[Start of Attachment]

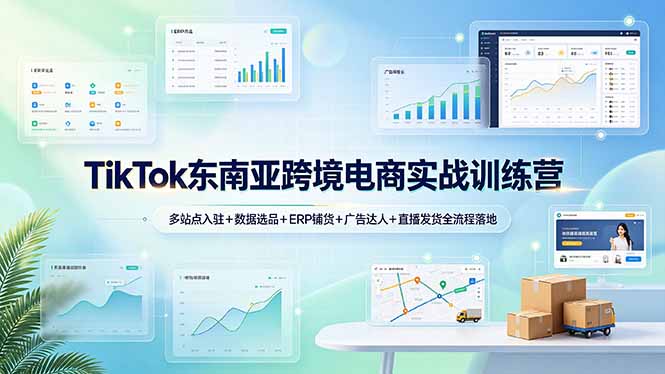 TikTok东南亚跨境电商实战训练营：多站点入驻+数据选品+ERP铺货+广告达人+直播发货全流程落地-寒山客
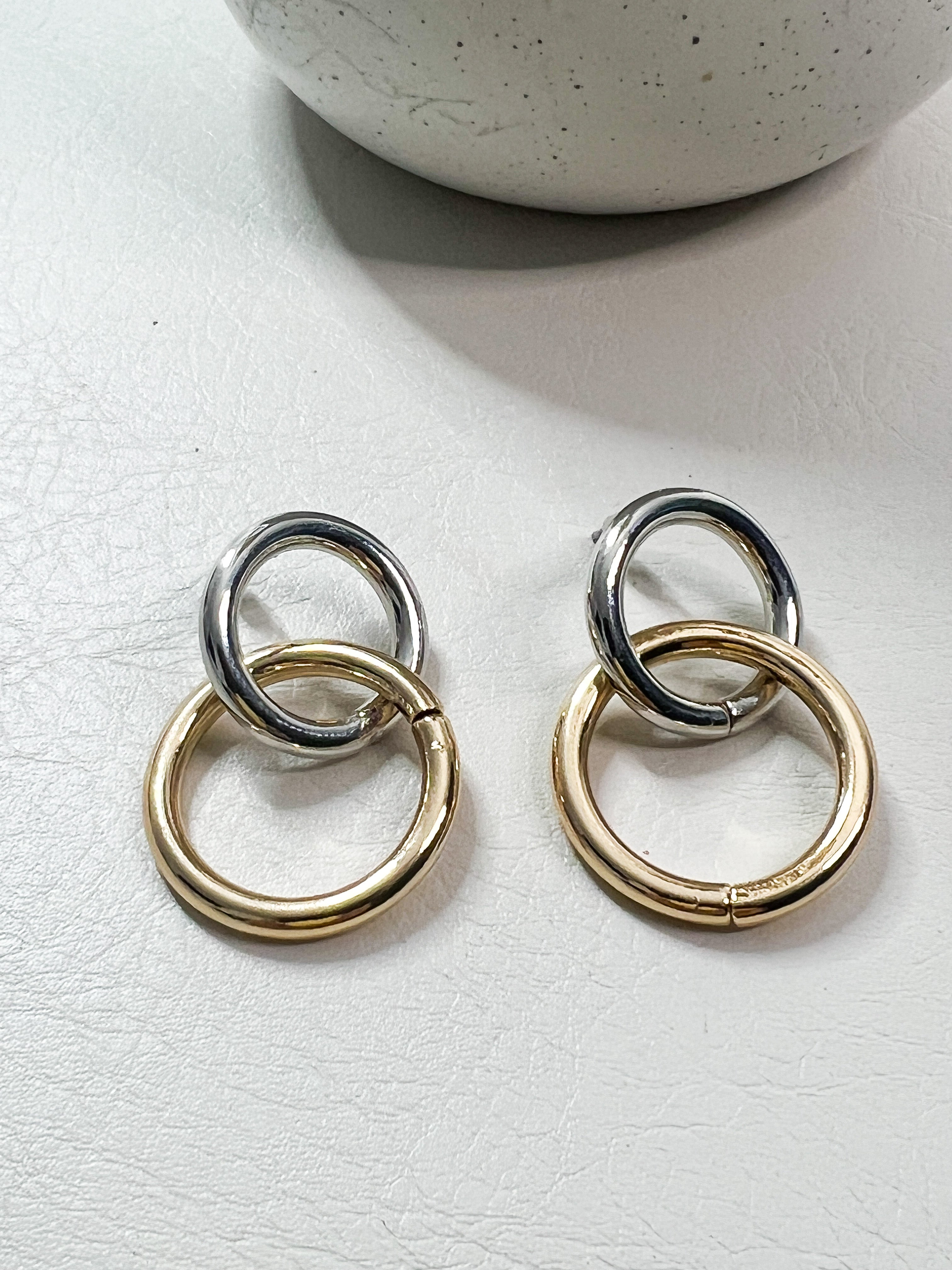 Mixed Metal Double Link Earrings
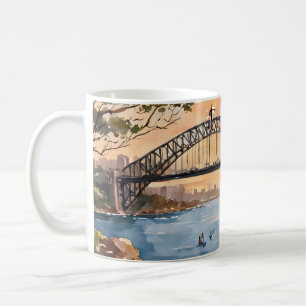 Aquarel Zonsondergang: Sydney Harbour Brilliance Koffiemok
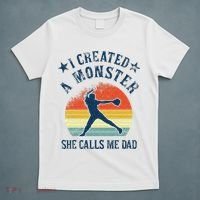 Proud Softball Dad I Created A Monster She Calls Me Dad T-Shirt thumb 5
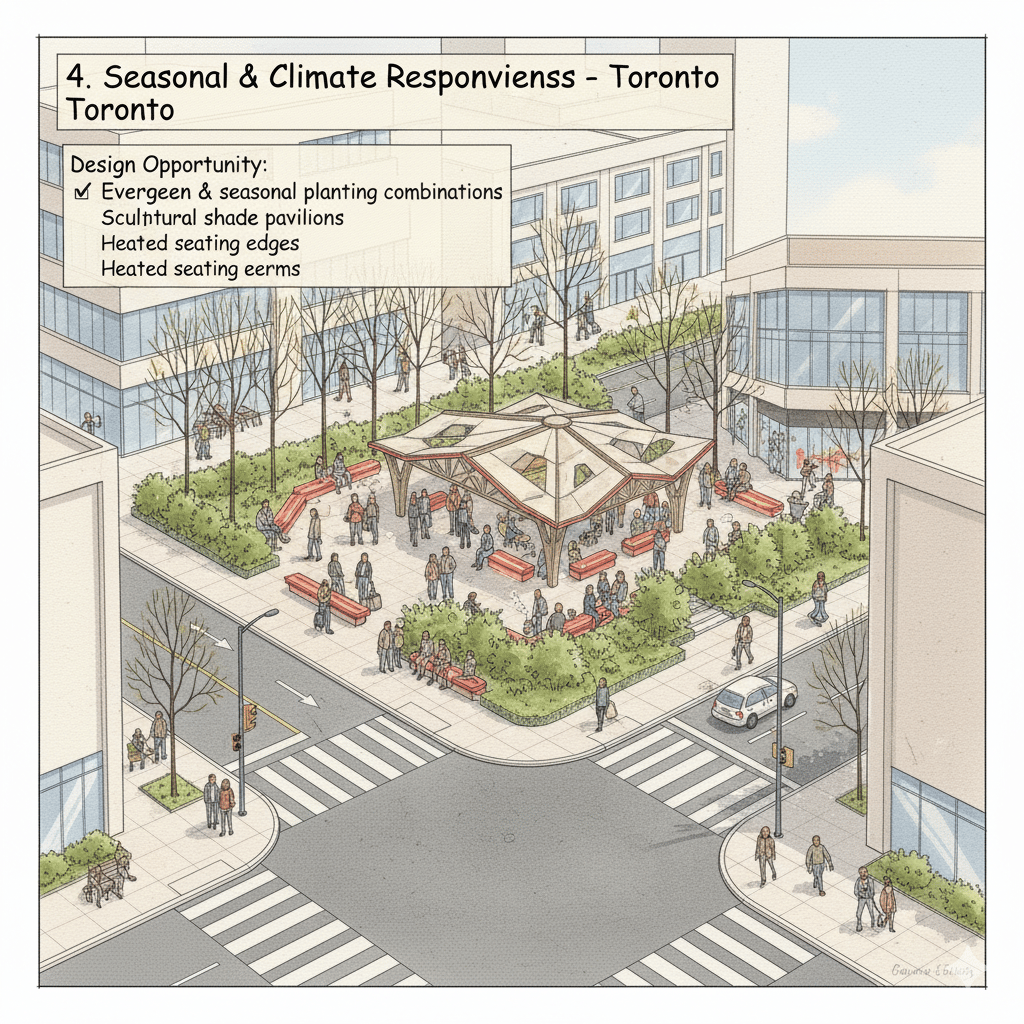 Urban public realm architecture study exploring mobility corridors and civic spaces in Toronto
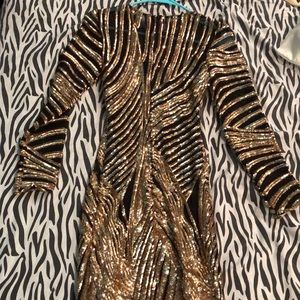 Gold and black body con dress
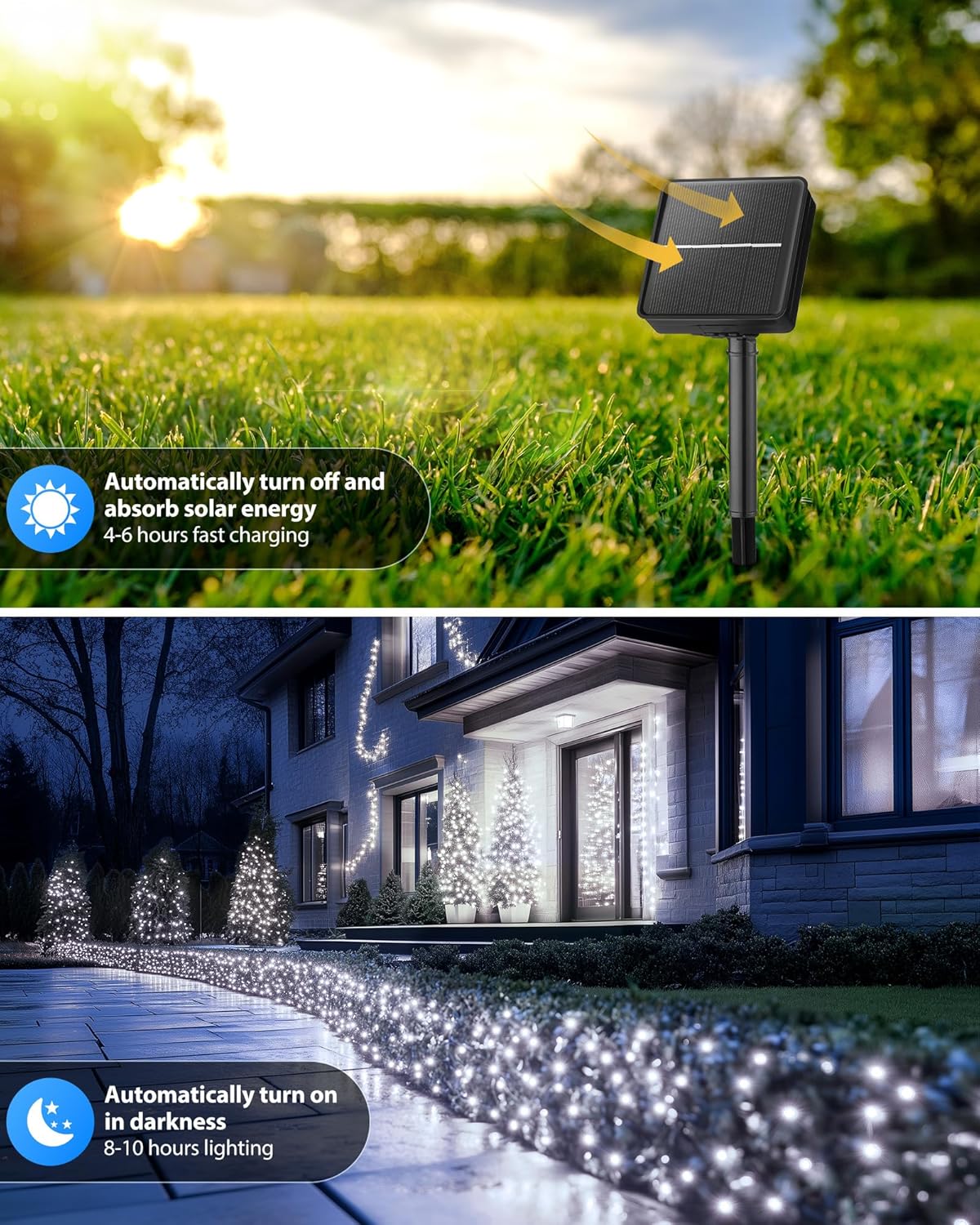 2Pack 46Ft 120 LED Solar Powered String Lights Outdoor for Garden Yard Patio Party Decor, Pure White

[End of Attachment]

● INSTRUCTIONS TO FOLLOW
Give the entries back verbatim and omit the images.

● RESULT OF THE EXERCISE
 TikTok东南亚跨境电商实战训练营：多站点入驻+数据选品+ERP铺货+广告达人+直播发货全流程落地-寒山客
 Mixed Metal Double Link Earrings
 Aquarel Zonsondergang: Sydney Harbour Brilliance Koffiemok
 Proud Softball Dad I Created A Monster She Calls Me Dad T-Shirt thumb 5
 Urban public realm architecture study exploring mobility corridors and civic spaces in Toronto
 Gold and black body con dress
 2Pack 46Ft 120 LED Solar Powered String Lights Outdoor for Garden Yard Patio Party Decor, Pure White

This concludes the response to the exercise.